# OMG JP Pet



## Mini Pearls Mom (Mar 4, 2011)

Has anybody ever heard about this brand? I never ever had - 

JP pet, by John Paul from Paul Mitchell hair products...I picked up a bottle of Detangling Spray in TJ Maxx because it smelled so great. What an awesome product! Sprayed my baby's tail, ears, and wherever else needed to smell good with some conditioning. I was afraid it might give her "the greasies" but it did not, as a matter of fact it made this cottony girl a bit more silky! Says it can be used daily.

The website is: jppet.com. It's such a pet friendly company with what seems like natural products. My hairdresser told me today that they've only been in biz about 2 years.

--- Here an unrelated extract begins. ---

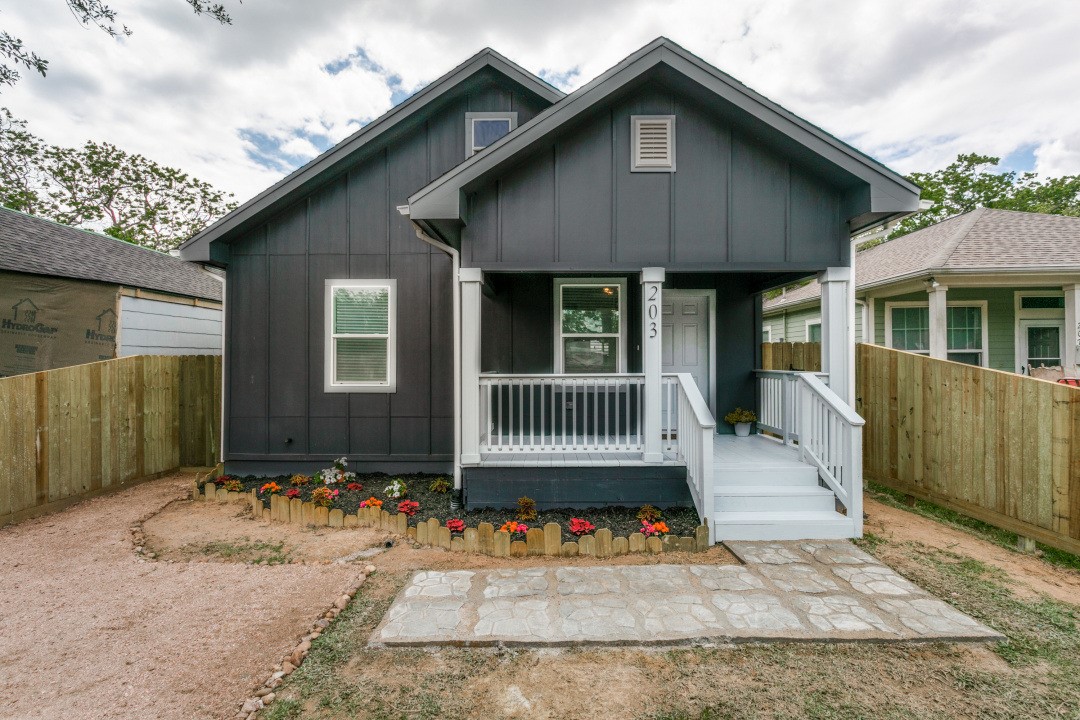 203 8th Avenue N Texas City TX 77590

Unfortunately they do not sell from their site but they have a store locator on the site. No stores at the Jersey Shore, sorry to say.


----------



## RudyRoo (Jun 24, 2011)

Yep, we have the dry shampoo, detangling spray, oatmeal leave-in, tee tree leave-in, and whitening shampoo! My sis has a cosmetology license and we can get it for wholesale from Armstrong McCall. They sell it right along with the Paul Mitchell. If you have an Armstrong in your area and know someone with a license then you can get it there for cheap!


----------



## LJSquishy (Feb 27, 2008)

Yes, the John Paul Pet line has been out for a couple of years now. I almost tried it once, but didn't. Petco sells some of their line.


----------



## muchan (Feb 23, 2011)

Mini Pearls Mom said:


> Has anybody ever heard about this brand? I never ever had -
> 
> JP pet, by John Paul from Paul Mitchell hair products...I picked up a bottle of Detangling Spray in TJ Maxx because it smelled so great. What an awesome product! Sprayed my baby's tail, ears, and wherever else needed to smell good with some conditioning. I was afraid it might give her "the greasies" but it did not, as a matter of fact it made this cottony girl a bit more silky! Says it can be used daily.
> 
> ...



When you mentioned that it does help to make the cottony coat become silkier I was so happy and tempted to buy but it seems I cant get it either since I was in the oversea


----------



## LinzFair (Oct 10, 2010)

I really like the detangling spray, but haven't tried the shampoo or conditioner.


----------



## Hunter's Mom (Dec 8, 2008)

we have the detangling spray as well and I love it. I usually find it at Home Goods.


----------



## michellerobison (Dec 17, 2009)

muchan said:


> When you mentioned that it does help to make the cottony coat become silkier I was so happy and tempted to buy but it seems I cant get it either since I was in the oversea


Ebay has it.I found one seller.

JP Pet Instant Detangling Spray 8oz | eBay


----------



## muchan (Feb 23, 2011)

michellerobison said:


> Ebay has it.I found one seller.
> 
> JP Pet Instant Detangling Spray 8oz | eBay



Thanks for the info but I'd check on it and they only ship to US and Canada


----------



## almitra (Apr 24, 2009)

Never heard of the line.....is it widely used here?


----------



## michellerobison (Dec 17, 2009)

muchan said:


> Thanks for the info but I'd check on it and they only ship to US and Canada


I'd email and ask them ,they might especially if you have good feedback. Many don't like to ship to Asia ,Italy and a few other countries due to fraud.


----------



## michellerobison (Dec 17, 2009)

Does Amazon ship to you?
Amazon.com: John Paul Pet Instant Detangling Spray - No Rinse Grooming Aid, 8 oz: Health & Personal Care


----------



## cleex1004 (Aug 2, 2008)

I don't know if the line is that great. I use it out of convenience. i use the oatmeal shampoo, conditioner, and spray. Its available at petco. I does leave Louis nice and clean and very soft though.


----------



## Mini Pearls Mom (Mar 4, 2011)

wow, great help to my original post. I have NO idea why I didn't try Amazon or ebay! I go there for everything else.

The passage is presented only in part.